Хорь выступает в произведении как зажиточный и практичный крестьянин. Он живет отдельно, имеет большой ухоженный дом и семью, платит оброк, но не хочет купить себе свободу. В это-то и есть вся примитивность мужика. Делец он — на все руки мастер, да не видит в своей жизни самого ценного. Он ограничен, не образован, узкодум, и в то же время смотрит свысока на барина и втихаря посмеивается над ним.

Калиныч же — закадычный друг Хоря и в то же время его полная противоположность. Этот мужик романтичный и задумчивый, непрактичный и мягкотелый. Он не имеет семьи и очень нуждается. Но в то же время Калиныч обладает огромными познаниями природы, за что его высоко ценят в округе. Он тонко чувствует прекрасное, способен размышлять и анализировать.

На основании размышления над характерами Хоря и Калиныча можно увидеть, что представляло собой крестьянство времен Тургенева.

“Певцы”

Этим очерком мы продолжим анализ рассказов Тургенева “Записки охотника”. В центре сюжета — соревнование между двумя деревенскими певцами, затеянное в одном мужицком кабачке. Главные герои описаны бегло и мельком. Яков — 23-летний сын пленной турчанки. Работает на фабрике, но известен благодаря своим творческим способностям.

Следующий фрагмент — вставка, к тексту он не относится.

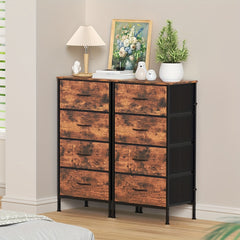 4-Drawer Chest Of Drawers with Metal Frame & MDF Wooden Top, Adjustable Feet, Anti-Tip Safety, Spacious Storage Unit for Bedroom Or Living Room (45x30x91cm/ 17.7x11.8x35.8inch)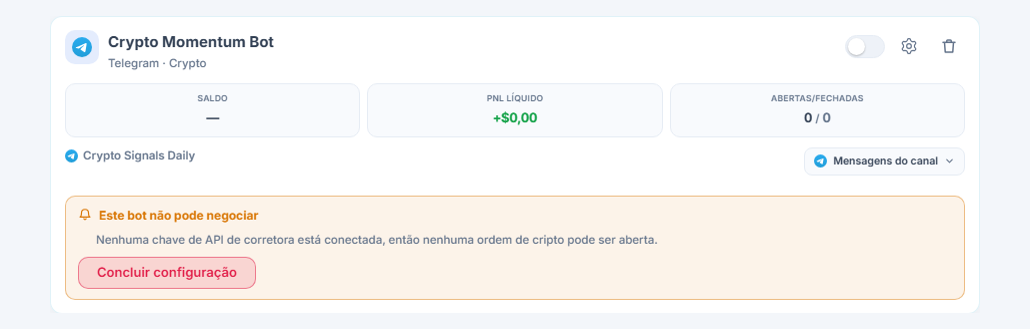 Cartão de bot recém-criado no painel Meus bots: nome e fonte do bot, lista Este bot não pode abrir operações e botão Concluir configuração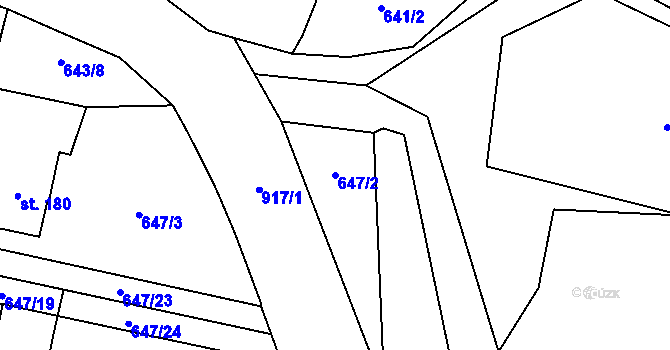 Parcela st. 647/2 v KÚ Knovíz, Katastrální mapa
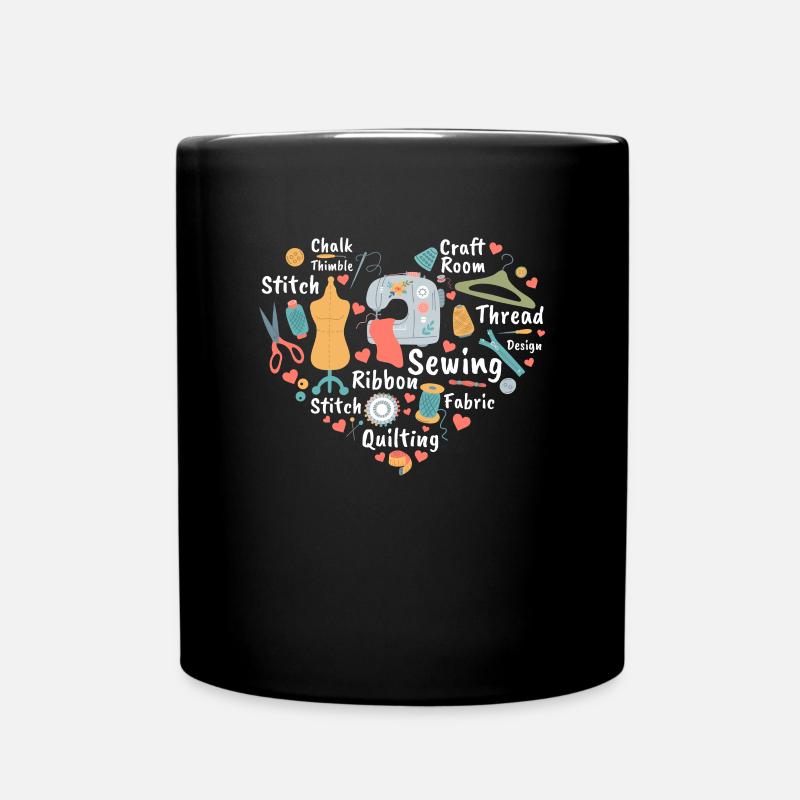 Machine à coudre Coeur à coudre Sewing Lover - Mug uni - noir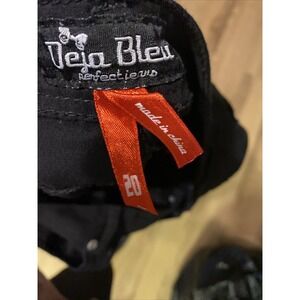 Deja Bleu  Perfect Jeans Womens 20 Black Ruffled Sides Stretch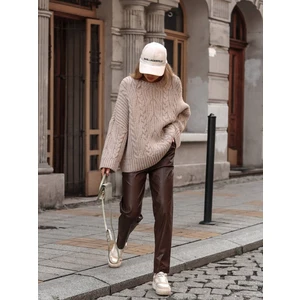 Beige sweater with braids Cocomore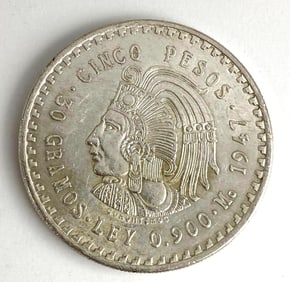 1948 Mexican 5 Pesos Cuauhtémoc 30 Grams .900 Silver Coin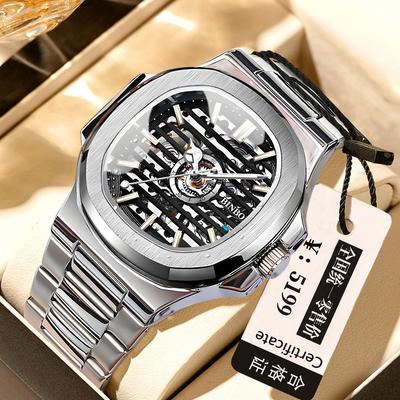 Binbang Black Technology Men's Stainless Steel Automatic Skeleton Watch with Luminous Dial
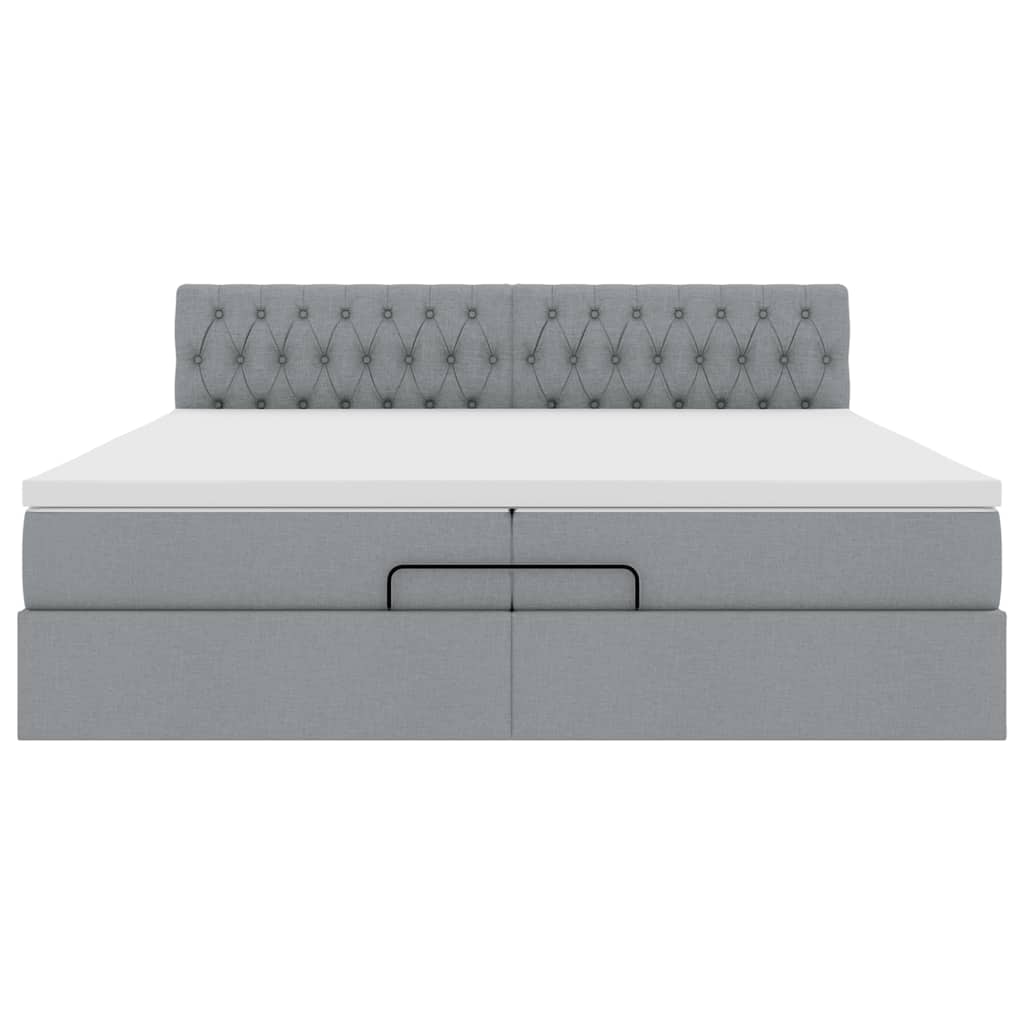 Otomanski krevet s madracem svijetlosivi 200x200 cm tkanine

Его соперник рядчик — тридцатилетний мужчина, бойкий и изворотливый мещанин -выступил первым. Он пел веселую песню, пел хорошо, впечатляюще. Но что-то ему недоставало, хотя его умение было оценено по достоинству.

Когда же начал петь Яков, трепетно и прерывисто, все замерли. Его голос — глубокий, волнительный, чувственный, заставил присутствующих плакать. Это было удивительно, как взрослые люди, ловкие, пронырливые и хваткие, под воздействием песни рабочего по-настоящему прослезились.

Видно было, что Яков пел с чувством, что его глубоко волнует смысл рифмованных строчек.

Конечно, присутствующие единогласно пришли к выводу, что выиграл Яков. Но на этом очерк не закончился.

Вечером, после проведения конкурса, путешественник вновь увидел “золотой голос” деревни. Что же делал Яков? Он пил, пил самоупоенно, до беспамятства, потеряв весь человеческий облик. И вместе с ним в разгулье участвовали те, кто несколько часов назад наслаждались его дивным проникновенным голосом.

Путешественнику тяжело было смотреть на такую безобразную гулянку, когда губится в людях все, что есть хорошее — талант, чувства, душа. Анализ “Певцов” (из “Записок охотника”) показывает, насколько бедность и порок может влиять даже на самые тонкие и чувствительные души.

2216282

“Свидание”

Действие очерка охватывает всего один диалог, произошедший между надменным и бессердечным барским камердинером и невинно брошенной им крестьянкой Акулиной. Охотник-путешественник, задремавший в тени густых деревьев, становится случайным свидетелем расставания этих молодых людей.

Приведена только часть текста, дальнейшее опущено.